Thanks for the reminder. I did add 'pause' in the loop.
(Though, I'm not so sure about what it does.)
Regards,
Btw, don't forget to insert 'pause' instruction into spin-loop, if spin-loop is active (i.e. not sched_yield()).
Thanks for the reminder. I did add 'pause' in the loop.
(Though, I'm not so sure about what it does.)
If you have tight active spin-loop:
while (some_var)
pause;
Without pause instruction, superscalar processor can issue a lot of load request, i.e. there will be more than one load request at the same time. It's absolutely unnecessary, and degrades performance. With pause instruction there will be at most one active load request at any given time.
Also on Hyper-Threaded processors pause instruction informs core, that current thread just spinning and not doing useful work, so core can give priority to other thread(s).
This algorithm will work w/o any additional fences. On x86 every load is load-acquire. And every store is store-release. So nothing can hoist above load, and nothing can sink below store.
Final load of svc_ctr will provide all necessary synchronization wrt lock acquisition. And increment (store) of svc_ctr will provide all necessary synchronization wrt lock release.
Thanks.
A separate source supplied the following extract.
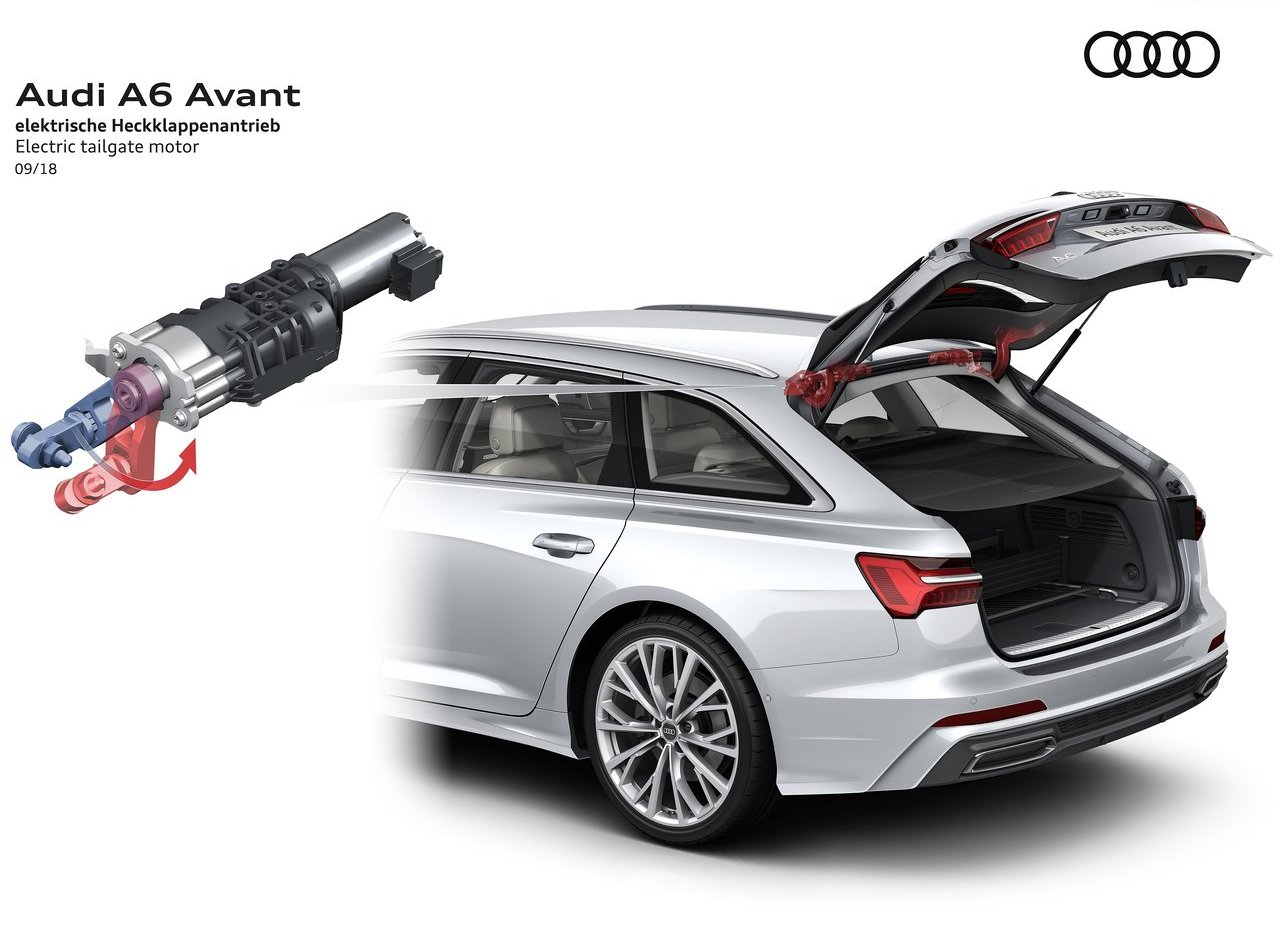 2019 - AUDI A6 AVANT, foto 124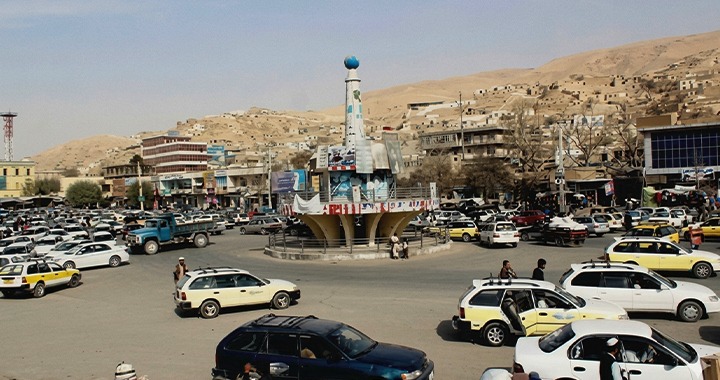 Baghlan, Mosque Attack in Baghlan, Khwaja District, Interim Taliban Administration, Taliban's Control under Scrutiny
That's good to know.
Hmmm.... I'm thinking about incorporating x86 memory model into Relacy Race Detector:
http://software.intel.com/en-us/forums//topic/60050
Initially I was thinking that if I will provide extremely relaxed C++0x memory model, than user can map any other memory model to C++0x memory model, thus test algorithm against, for example, x86 memory model.
The problem here is that user have to precisely understand and C++0x MM and his target MM (x86), in order to create correct mapping. So if I will provide direct support for x86 MM this can be of help.
If you have tight active spin-loop:
while (some_var)
pause;
Without pause instruction, superscalar processor can issue a lot of load request, i.e. there will be more than one load request at the same time. It's absolutely unnecessary, and degrades performance. With pause instruction there will be at most one active load request at any given time.
Also on Hyper-Threaded processors pause instruction informs core, that current thread just spinning and not doing useful work, so core can give priority to other thread(s).
I see. I did know it helps Hyper-Threading but we are not using it. So I wasn't sure if 'pause' is really necessary. But it sounds like it's also good for non-Hyper-Threading core.
Thanks.
I see. I did know it helps Hyper-Threading but we are not using it. So I wasn't sure if 'pause' is really necessary. But it sounds like it's also good for non-Hyper-Threading core.
I think that at least it won't worsen the situation. And official Intel guidelines says "you must use 'pause' in spin-loops". Maybe in future Intel processors 'pause' will have some additional useful consequences for non-HT.